= YOUR INSTRUCTIONS =
Write out the data word for word, taking care that no picture is carried over.

= MATERIALS PROVIDED =
::::
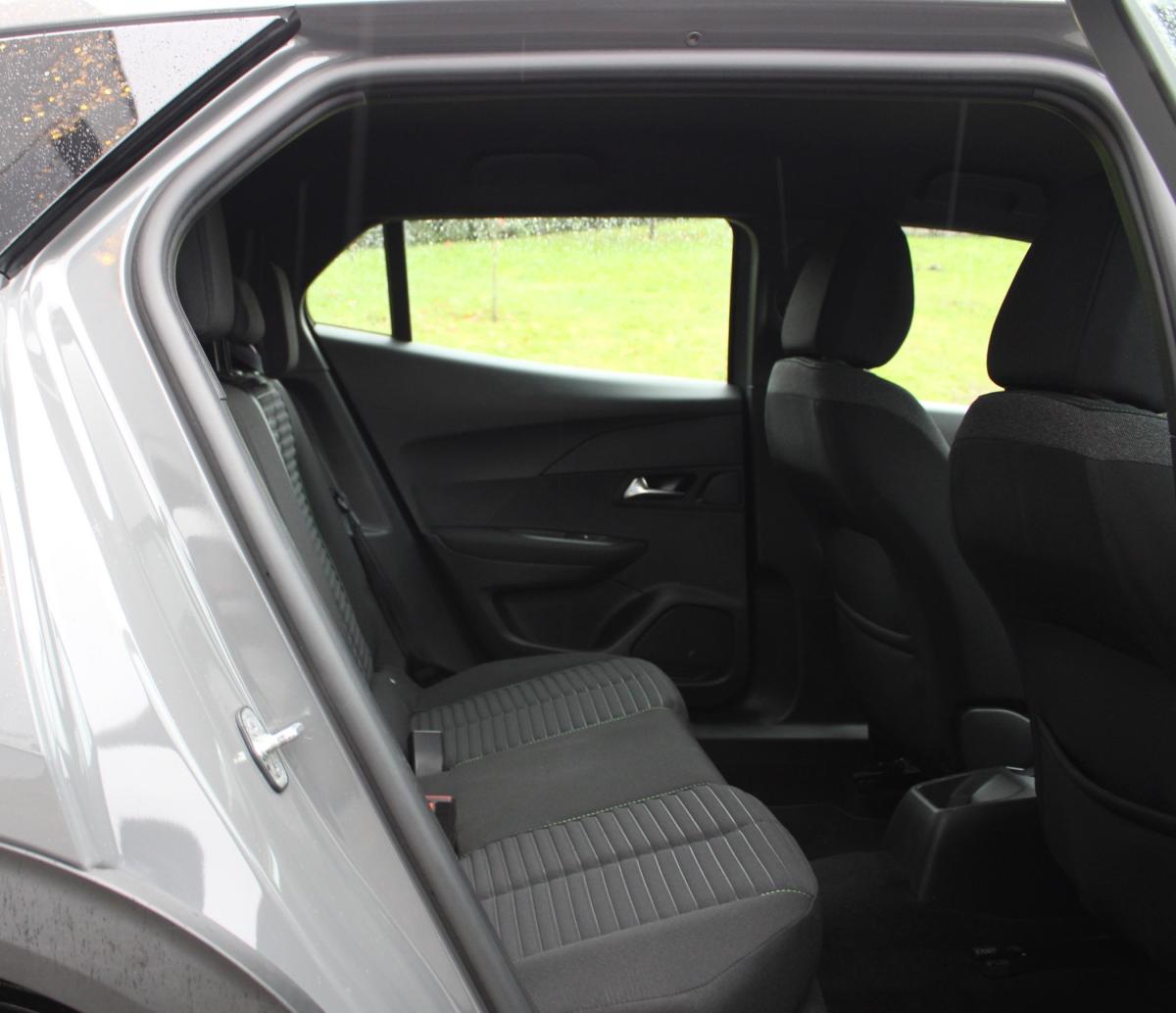 peugeot-2008-2023-gasolina-1199cc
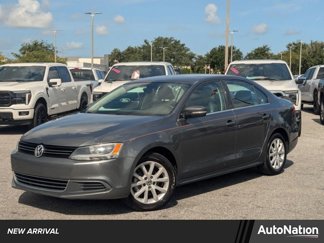 Used 2013 Volkswagen Jetta SE image 1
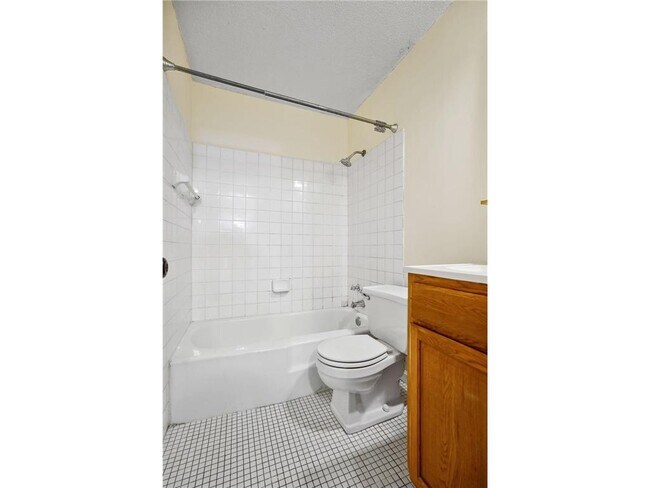 Building Photo - 5315 Minnehaha Ave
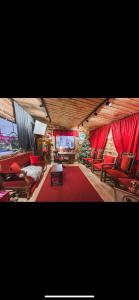 Et opholdsområde på Traditional Finnish Lapland house at wild forest backyard!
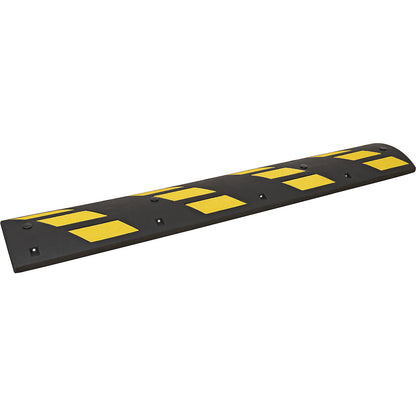 Speed ramp, yellow / black, for speed limit 10 km/h.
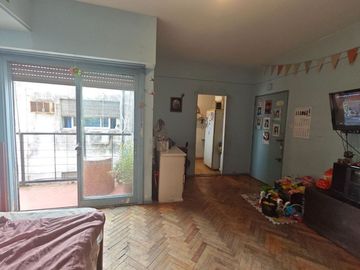 VENTA departamento dos ambientes en Floresta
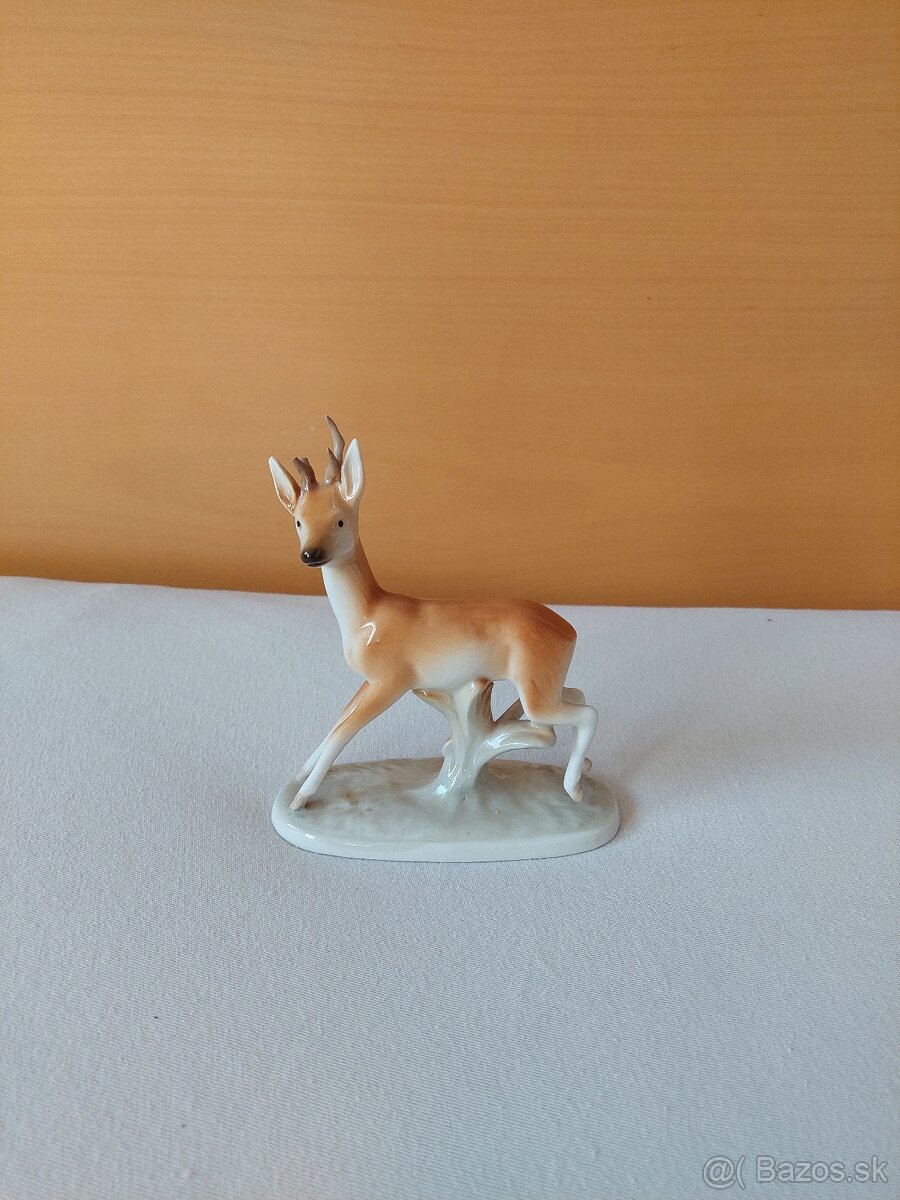 Porcelánová soška-jeleň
::::
= EXERCISE OUTPUT =
 peugeot-2008-2023-gasolina-1199cc
 Used 2013 Volkswagen Jetta SE image 1
 Building Photo - 5315 Minnehaha Ave
 Et opholdsområde på Traditional Finnish Lapland house at wild forest backyard!
 Speed ramp, yellow / black, for speed limit 10 km/h.
 VENTA departamento dos ambientes en Floresta
 Porcelánová soška-jeleň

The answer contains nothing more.